=== WHAT THE TASK ASKS ===
Copy every record exactly, and keep the pictures out.
======== DATA RECORDS
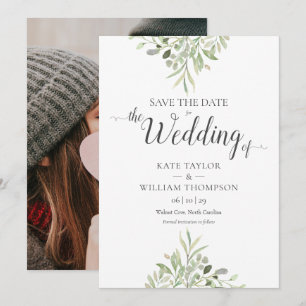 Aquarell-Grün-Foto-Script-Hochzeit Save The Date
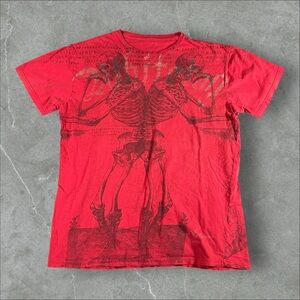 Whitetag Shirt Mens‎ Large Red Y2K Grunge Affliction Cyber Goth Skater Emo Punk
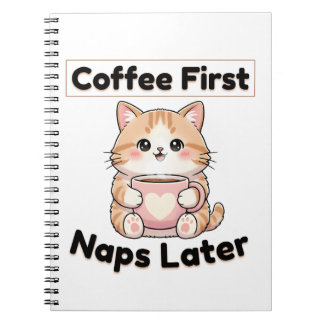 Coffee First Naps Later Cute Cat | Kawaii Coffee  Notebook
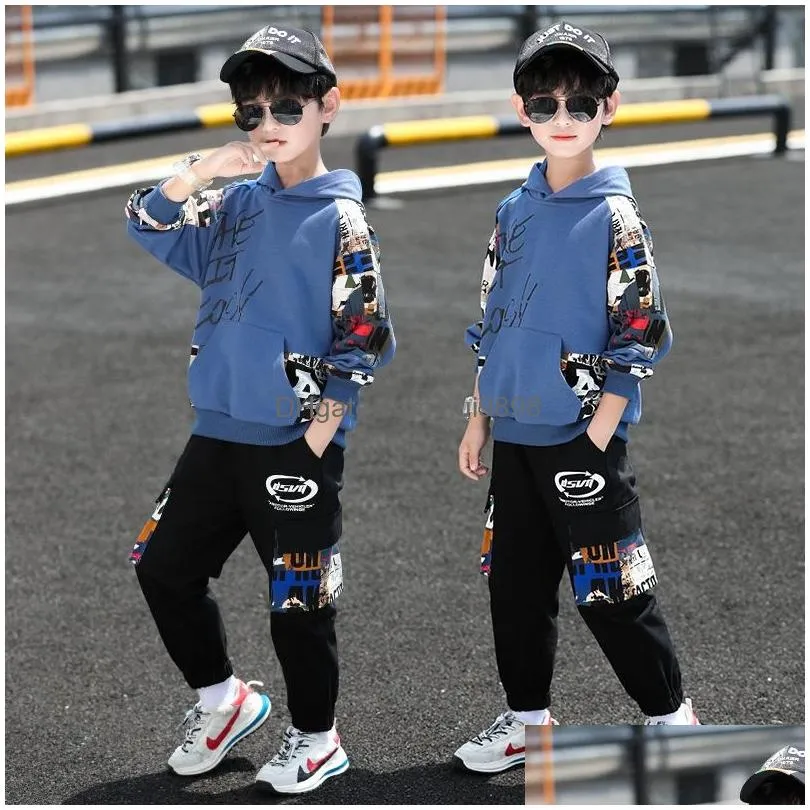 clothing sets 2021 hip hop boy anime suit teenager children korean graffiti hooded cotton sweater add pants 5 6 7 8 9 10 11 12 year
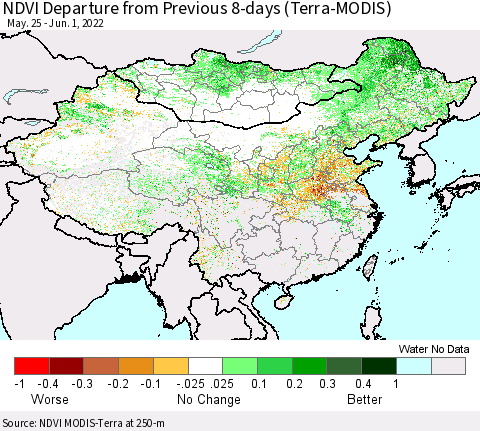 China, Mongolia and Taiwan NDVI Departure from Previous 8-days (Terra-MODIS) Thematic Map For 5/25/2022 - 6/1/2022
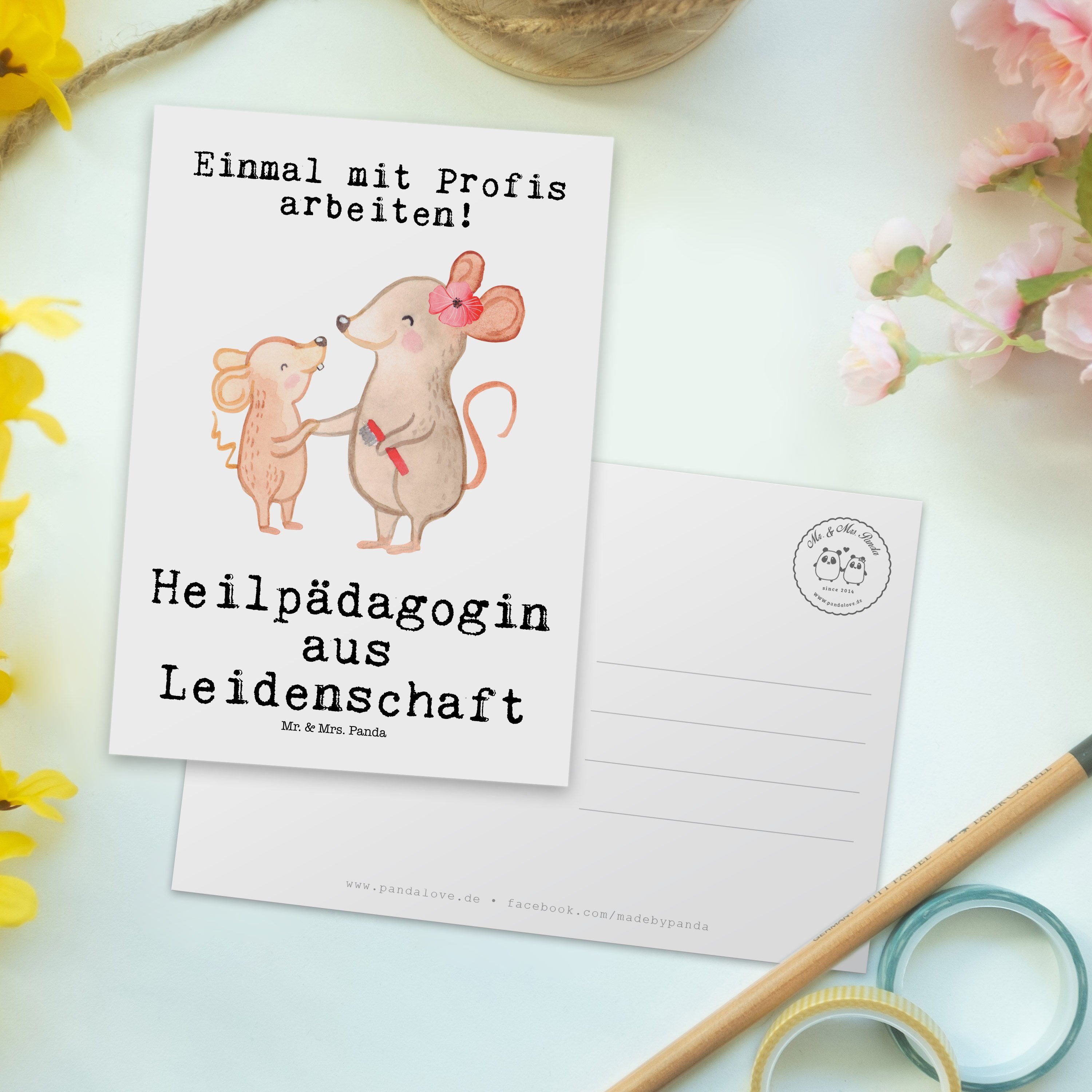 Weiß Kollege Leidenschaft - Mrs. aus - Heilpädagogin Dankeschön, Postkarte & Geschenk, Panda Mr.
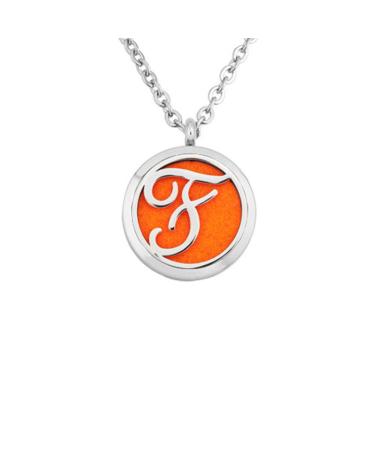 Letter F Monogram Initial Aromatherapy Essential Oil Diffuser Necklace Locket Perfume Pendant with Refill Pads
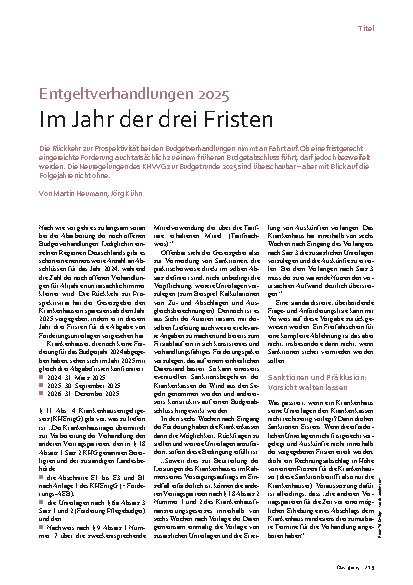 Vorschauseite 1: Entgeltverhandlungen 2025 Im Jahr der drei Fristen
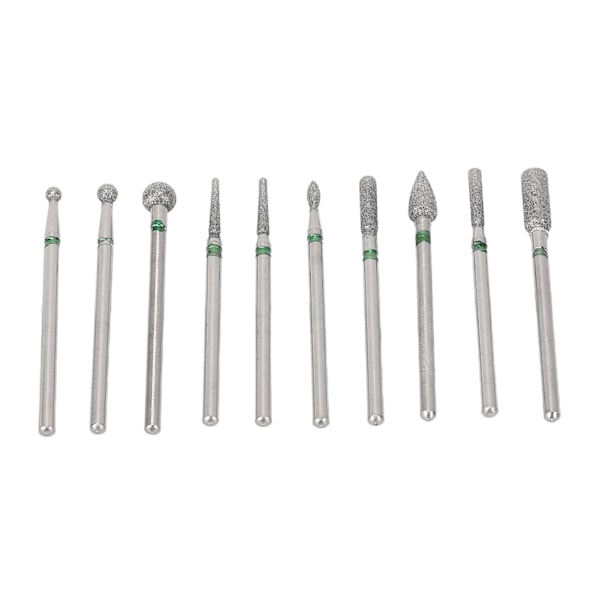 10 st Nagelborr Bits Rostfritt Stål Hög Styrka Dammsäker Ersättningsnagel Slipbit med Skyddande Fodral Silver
================
=== ANSWER TO THIS EXERCISE ===
 Aquarell-Grün-Foto-Script-Hochzeit Save The Date
 Whitetag Shirt Mens‎ Large Red Y2K Grunge Affliction Cyber Goth Skater Emo Punk
 Coffee First Naps Later Cute Cat | Kawaii Coffee  Notebook
 clothing sets 2021 hip hop boy anime suit teenager children korean graffiti hooded cotton sweater add pants 5 6 7 8 9 10 11 12 year
 China, Mongolia and Taiwan NDVI Departure from Previous 8-days (Terra-MODIS) Thematic Map For 5/25/2022 - 6/1/2022
 Weiß Kollege Leidenschaft - Mrs. aus - Heilpädagogin Dankeschön, Postkarte & Geschenk, Panda Mr.
 Letter F Monogram Initial Aromatherapy Essential Oil Diffuser Necklace Locket Perfume Pendant with Refill Pads
 Vorschauseite 1: Entgeltverhandlungen 2025 Im Jahr der drei Fristen
 10 st Nagelborr Bits Rostfritt Stål Hög Styrka Dammsäker Ersättningsnagel Slipbit med Skyddande Fodral Silver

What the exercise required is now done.